To use it, you need to import the submodule cocoindex.targets.lancedb
:
import cocoindex.targets.lancedb as coco_lancedb
Spec
The spec coco_lancedb.LanceDB
takes the following fields:
db_uri
(str
, required): The LanceDB database location (e.g../lancedb_data
).table_name
(str
, required): The name of the table to export the data to.db_options
(coco_lancedb.DatabaseOptions
, optional): Advanced database options.storage_options
(dict[str, Any]
, optional): Passed through to LanceDB when connecting.
Additional notes:
- Exactly one primary key field is required for LanceDB targets. We create B-Tree index on this key column.
LanceDB has a limitation that it cannot build a vector index on an empty table (see LanceDB issue #4034).
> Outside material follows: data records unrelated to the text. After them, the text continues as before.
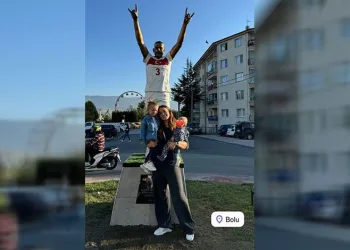 Merih Demiral’ın heykelinin önünde eşi fotoğraf çektirdi
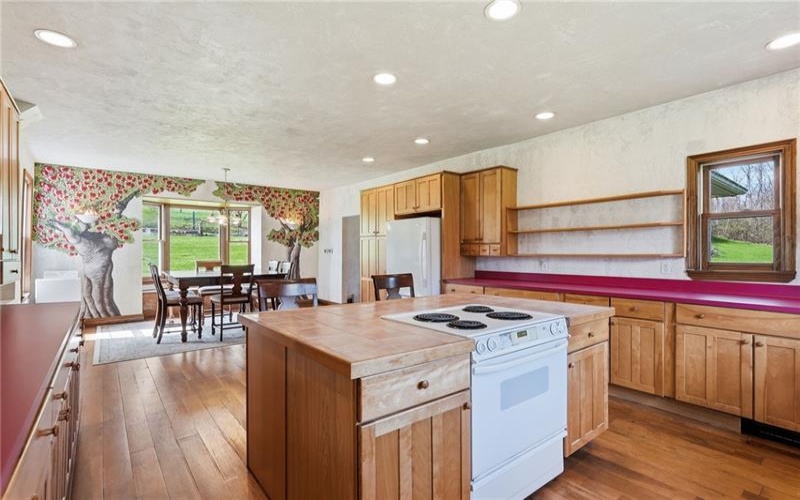 20 Walker Rd, Burgettstown, 15021, 3 Bedrooms Bedrooms, 10 Rooms Rooms,3 BathroomsBathrooms,Residential,For Sale,Walker Rd,1748132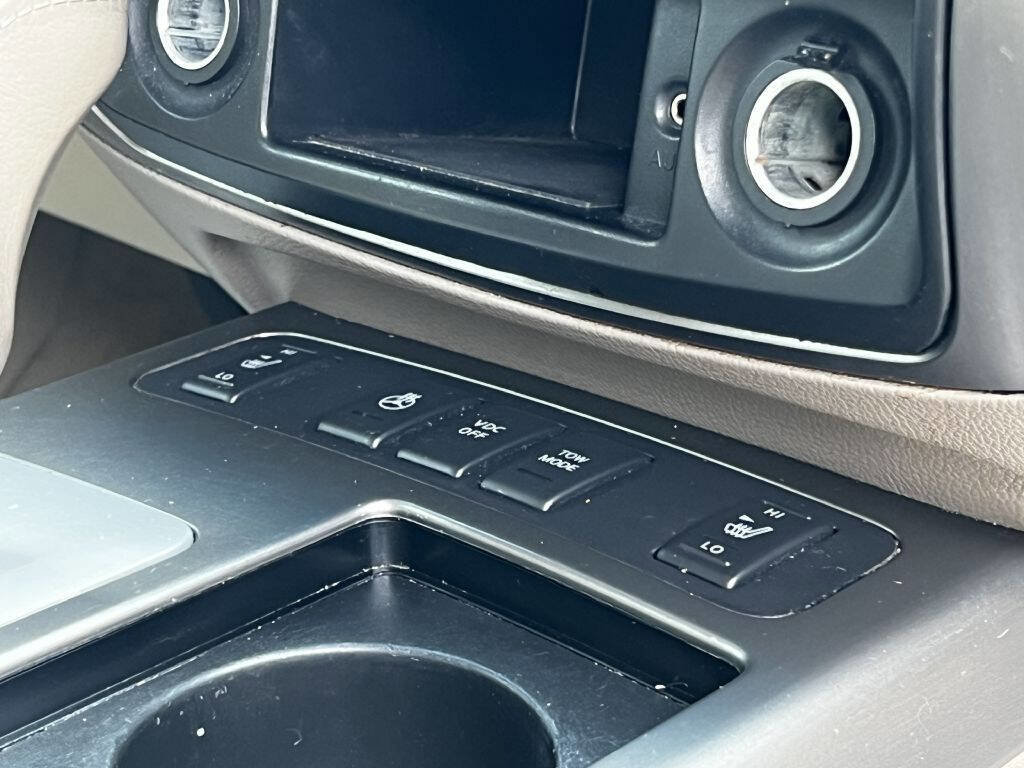 Used 2011 Nissan Armada Platinum image 28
If you want to use vector indexes, you can run the flow once to populate the target table with data, and then create the vector indexes.
You can find an end-to-end example here: examples/text_embedding_lancedb.
connect_async()
helper
We provide a helper to obtain a shared AsyncConnection
that is reused across your process and shared with CocoIndex's writer for strong read-after-write consistency:
from cocoindex.targets import lancedb as coco_lancedb
db = await coco_lancedb.connect_async("./lancedb_data")
table = await db.open_table("TextEmbedding")
Signature:
def connect_async(
db_uri: str,
*,
db_options: coco_lancedb.DatabaseOptions | None = None,
read_consistency_interval: datetime.timedelta | None = None
) -> lancedb.AsyncConnection
Once db_uri
matches, it automatically reuses the same connection instance without re-establishing a new connection.
This achieves strong consistency between your indexing and querying logic, if they run in the same process.